### Task data
Content starts
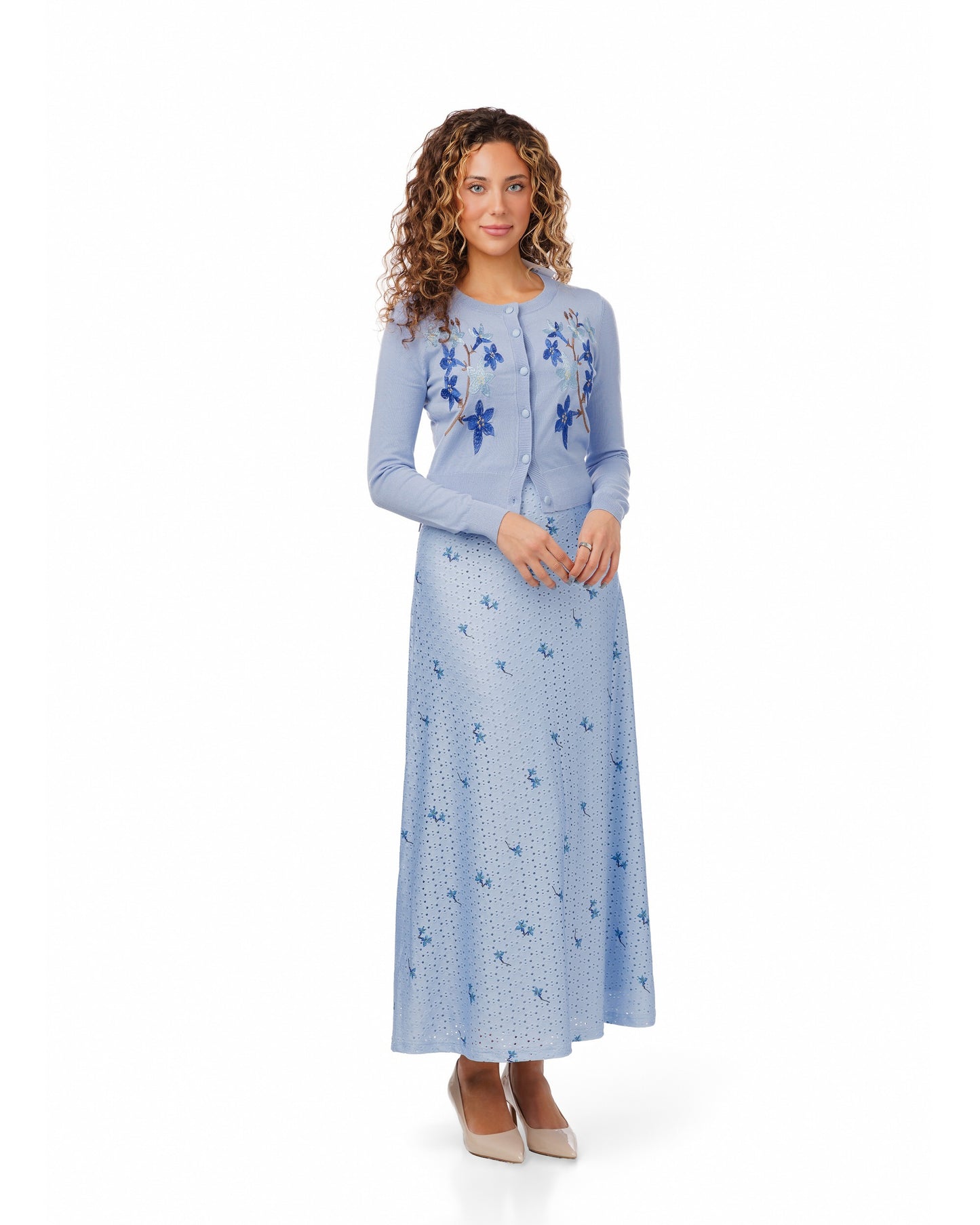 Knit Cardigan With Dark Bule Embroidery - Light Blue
Content ends
Content starts
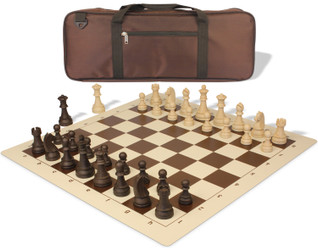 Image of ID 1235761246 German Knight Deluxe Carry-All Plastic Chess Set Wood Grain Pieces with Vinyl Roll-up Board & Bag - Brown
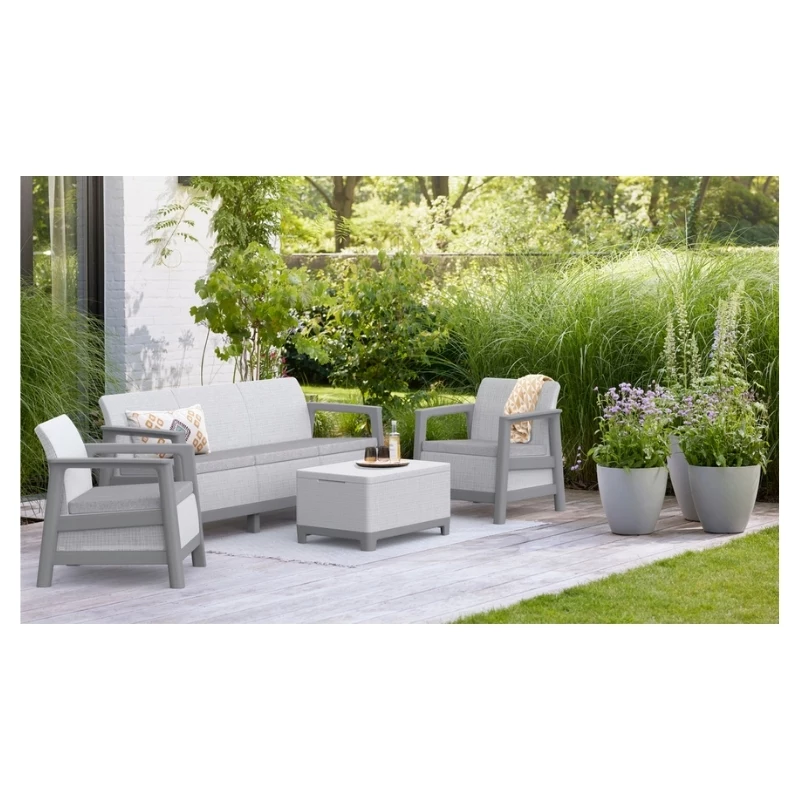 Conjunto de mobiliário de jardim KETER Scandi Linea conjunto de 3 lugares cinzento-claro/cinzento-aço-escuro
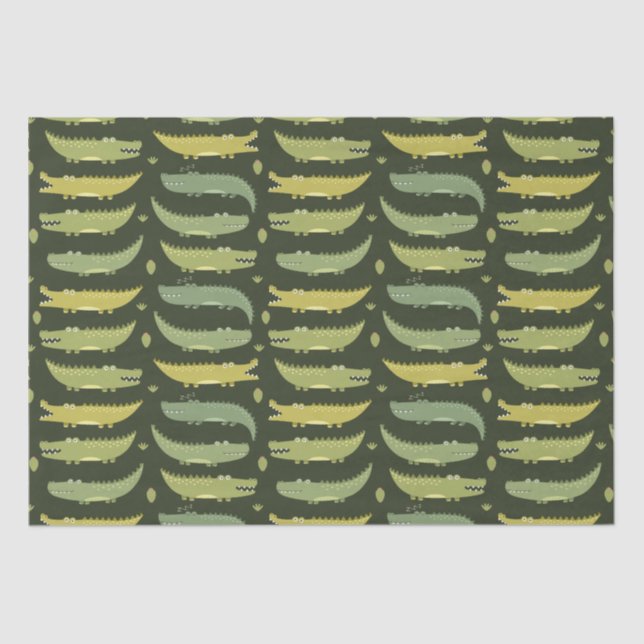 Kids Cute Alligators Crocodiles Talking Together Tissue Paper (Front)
Content ends
### Exercise
Because only one stretch of the records is wanted, please output the lines from the one holding "Image of ID" through the one holding "Kids Cute Alligators" exactly, both included, and leave every picture out.

### Response to the exercise
 Image of ID 1235761246 German Knight Deluxe Carry-All Plastic Chess Set Wood Grain Pieces with Vinyl Roll-up Board & Bag - Brown
 Conjunto de mobiliário de jardim KETER Scandi Linea conjunto de 3 lugares cinzento-claro/cinzento-aço-escuro
 Kids Cute Alligators Crocodiles Talking Together Tissue Paper (Front)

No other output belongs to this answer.